On Being Impervious To the Discreet Charm of M K Gandhi

About the Speaker

Tridip Suhrud is a scholar, writer and translator who works on the intellectual and cultural history of modern Gujarat and the Gandhian intellectual tradition. As the director and chief editor of the Sabarmati Ashram Preservation and Memorial Trust (2012-17), Ahmedabad, he was responsible for creating a digital archive of all of M.K. Gandhi's works, the Gandhi Heritage Portal. Apart from a number of books on Gandhi's life, Suhrud has co-edited the critical edition of Hind Swaraj, translated Narayan Desai's four-volume biography of Gandhi, My Life Is My Message, and translated the four-volume epic Gujarati novel Sarasvatichandra. His latest book, The Diary of Manu Gandhi: 1943-1944, was published in 2019.

Abstract

At 6:30 am, on March 12, 1930, M K Gandhi, accompanied by seventy-eight marchers left the Sabarmati Ashram for Dandi, a coastal village in South Gujarat. He did not ever return to live in the Ashram that he had created and nurtured since 1917. It is evident that the self-imposed exile applied not only to the Ashram but also increasingly to the city of Ahmedabad and Gujarat itself.
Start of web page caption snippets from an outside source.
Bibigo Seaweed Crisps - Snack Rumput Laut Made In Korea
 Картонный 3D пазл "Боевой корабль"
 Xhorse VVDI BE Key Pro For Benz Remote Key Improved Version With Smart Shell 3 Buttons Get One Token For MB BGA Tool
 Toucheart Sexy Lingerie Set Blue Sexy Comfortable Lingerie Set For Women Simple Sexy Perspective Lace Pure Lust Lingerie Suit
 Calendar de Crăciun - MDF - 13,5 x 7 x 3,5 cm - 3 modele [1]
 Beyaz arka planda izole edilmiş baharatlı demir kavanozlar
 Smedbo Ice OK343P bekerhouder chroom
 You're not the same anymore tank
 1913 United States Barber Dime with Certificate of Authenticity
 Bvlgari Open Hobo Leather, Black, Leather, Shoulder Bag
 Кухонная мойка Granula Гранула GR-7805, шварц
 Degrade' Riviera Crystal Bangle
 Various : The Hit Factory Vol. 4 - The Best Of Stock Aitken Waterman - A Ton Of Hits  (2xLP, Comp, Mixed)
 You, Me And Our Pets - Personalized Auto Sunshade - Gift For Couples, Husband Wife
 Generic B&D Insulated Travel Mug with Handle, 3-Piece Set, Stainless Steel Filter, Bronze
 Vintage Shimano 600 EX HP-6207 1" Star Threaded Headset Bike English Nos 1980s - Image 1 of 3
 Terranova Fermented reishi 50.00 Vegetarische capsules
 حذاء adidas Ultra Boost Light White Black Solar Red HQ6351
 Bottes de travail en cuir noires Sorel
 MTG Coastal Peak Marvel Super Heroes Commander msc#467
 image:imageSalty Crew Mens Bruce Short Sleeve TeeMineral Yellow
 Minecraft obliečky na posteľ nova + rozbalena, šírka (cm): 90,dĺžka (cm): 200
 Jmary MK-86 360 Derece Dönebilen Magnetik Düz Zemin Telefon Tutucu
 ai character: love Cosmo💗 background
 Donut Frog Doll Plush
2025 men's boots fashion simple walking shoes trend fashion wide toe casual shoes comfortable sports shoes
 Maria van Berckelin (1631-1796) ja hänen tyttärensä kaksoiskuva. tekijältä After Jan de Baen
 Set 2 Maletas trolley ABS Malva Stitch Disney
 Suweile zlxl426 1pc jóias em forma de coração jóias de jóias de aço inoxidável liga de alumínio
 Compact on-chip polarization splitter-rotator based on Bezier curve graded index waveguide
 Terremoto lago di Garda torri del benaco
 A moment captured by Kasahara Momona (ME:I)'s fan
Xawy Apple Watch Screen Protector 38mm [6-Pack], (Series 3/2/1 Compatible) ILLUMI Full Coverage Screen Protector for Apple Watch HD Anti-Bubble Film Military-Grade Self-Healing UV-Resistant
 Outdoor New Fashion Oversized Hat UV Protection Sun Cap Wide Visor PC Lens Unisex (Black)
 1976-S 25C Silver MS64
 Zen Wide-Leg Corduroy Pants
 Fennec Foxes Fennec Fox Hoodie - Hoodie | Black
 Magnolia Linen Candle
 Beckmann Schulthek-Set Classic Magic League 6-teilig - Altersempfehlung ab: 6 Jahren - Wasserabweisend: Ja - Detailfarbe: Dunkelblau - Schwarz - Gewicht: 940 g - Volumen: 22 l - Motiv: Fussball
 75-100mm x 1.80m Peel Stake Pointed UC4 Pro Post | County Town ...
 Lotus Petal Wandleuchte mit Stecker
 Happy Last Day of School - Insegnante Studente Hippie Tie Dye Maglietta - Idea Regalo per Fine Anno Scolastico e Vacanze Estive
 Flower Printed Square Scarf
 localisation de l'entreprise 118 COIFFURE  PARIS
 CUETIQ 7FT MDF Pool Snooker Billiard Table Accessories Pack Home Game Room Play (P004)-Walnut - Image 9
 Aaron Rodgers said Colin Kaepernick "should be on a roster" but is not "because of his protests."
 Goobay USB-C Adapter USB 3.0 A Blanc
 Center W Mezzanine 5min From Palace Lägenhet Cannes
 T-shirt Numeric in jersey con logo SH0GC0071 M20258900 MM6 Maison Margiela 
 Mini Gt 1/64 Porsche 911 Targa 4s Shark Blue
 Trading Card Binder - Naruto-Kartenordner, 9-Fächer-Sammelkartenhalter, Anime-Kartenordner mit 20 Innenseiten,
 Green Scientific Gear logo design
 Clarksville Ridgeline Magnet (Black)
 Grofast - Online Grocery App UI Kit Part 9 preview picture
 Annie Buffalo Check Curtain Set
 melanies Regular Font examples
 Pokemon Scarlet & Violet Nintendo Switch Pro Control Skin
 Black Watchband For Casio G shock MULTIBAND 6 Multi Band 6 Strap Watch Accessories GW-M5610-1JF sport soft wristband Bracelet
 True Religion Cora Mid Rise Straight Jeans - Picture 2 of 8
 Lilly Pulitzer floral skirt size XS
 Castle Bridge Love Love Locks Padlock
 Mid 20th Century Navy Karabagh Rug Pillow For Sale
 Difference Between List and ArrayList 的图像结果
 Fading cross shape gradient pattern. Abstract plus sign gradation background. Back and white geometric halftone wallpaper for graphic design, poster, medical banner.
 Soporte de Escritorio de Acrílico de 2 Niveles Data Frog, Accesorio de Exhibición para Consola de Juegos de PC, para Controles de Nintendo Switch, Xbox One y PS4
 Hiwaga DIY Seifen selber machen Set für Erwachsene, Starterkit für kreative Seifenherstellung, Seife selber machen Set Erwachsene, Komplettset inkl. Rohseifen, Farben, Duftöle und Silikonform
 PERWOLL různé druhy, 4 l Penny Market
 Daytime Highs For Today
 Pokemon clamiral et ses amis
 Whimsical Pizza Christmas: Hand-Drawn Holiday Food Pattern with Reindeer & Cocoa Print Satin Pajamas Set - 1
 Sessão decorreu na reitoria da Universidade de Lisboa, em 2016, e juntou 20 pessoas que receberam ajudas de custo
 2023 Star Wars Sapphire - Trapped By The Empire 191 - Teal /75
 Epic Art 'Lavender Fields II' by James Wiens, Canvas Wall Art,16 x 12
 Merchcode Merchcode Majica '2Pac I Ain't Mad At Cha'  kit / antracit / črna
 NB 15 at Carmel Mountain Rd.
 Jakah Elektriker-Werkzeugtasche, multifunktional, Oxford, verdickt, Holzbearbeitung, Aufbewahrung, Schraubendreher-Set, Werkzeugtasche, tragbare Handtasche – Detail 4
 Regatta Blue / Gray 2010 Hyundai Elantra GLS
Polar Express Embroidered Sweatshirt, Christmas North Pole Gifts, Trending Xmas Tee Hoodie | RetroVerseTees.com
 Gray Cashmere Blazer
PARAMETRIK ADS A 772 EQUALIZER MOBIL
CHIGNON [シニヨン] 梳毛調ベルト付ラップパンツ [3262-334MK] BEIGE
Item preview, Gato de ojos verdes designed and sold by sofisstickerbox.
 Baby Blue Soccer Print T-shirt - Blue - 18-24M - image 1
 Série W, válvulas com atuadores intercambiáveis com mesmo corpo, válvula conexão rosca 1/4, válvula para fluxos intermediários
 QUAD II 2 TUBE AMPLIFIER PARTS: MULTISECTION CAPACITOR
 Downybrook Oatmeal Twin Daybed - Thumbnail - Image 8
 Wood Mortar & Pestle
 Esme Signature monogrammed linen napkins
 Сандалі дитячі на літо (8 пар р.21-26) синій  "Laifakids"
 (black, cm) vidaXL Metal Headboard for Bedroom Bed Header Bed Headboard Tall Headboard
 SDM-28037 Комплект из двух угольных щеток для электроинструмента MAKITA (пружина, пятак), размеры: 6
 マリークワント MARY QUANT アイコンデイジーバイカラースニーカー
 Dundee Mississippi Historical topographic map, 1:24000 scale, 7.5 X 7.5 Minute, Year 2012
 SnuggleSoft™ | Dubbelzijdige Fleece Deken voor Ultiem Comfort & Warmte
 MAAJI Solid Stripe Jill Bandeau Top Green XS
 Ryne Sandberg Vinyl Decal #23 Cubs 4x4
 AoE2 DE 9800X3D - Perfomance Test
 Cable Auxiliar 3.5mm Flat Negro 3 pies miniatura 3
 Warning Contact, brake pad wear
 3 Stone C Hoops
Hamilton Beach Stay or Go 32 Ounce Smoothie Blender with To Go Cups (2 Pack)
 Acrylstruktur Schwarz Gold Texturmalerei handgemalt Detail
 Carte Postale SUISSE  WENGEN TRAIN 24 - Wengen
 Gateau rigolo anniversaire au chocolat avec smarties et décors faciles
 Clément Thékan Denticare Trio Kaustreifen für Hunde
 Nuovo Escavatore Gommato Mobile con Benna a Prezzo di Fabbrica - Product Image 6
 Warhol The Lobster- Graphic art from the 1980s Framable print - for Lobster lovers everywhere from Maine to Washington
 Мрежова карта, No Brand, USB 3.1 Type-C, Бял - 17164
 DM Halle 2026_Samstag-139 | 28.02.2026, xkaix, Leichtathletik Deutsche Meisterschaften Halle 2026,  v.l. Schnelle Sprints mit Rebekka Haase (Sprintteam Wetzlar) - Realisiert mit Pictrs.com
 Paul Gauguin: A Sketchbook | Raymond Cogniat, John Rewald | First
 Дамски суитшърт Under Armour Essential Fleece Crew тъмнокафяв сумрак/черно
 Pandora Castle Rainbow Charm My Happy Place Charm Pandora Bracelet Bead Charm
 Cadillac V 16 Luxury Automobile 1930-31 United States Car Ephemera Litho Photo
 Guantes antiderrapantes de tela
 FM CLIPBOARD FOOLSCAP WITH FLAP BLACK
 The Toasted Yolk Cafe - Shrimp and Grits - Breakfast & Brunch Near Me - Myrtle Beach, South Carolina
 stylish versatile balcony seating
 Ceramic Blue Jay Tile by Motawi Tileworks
In the remaining eighteen years of his life, Gandhi was to spend some three hundred and one days in Gujarat. His last visit to Ahmedabad was on November 2, 1936. His exile from Ahmedabad is reminiscent of a tap. He did not visit Gujarat after January 1942. If we understand something of this obvious turning away from Gujarat on the part of Gandhi, we might be able to capture something of the relationship that present-day Gujarat has with him. This talk would attempt in very broad strokes to capture the fraught cultural relationship that Gujarat shared with Gandhi; in his times and in ours.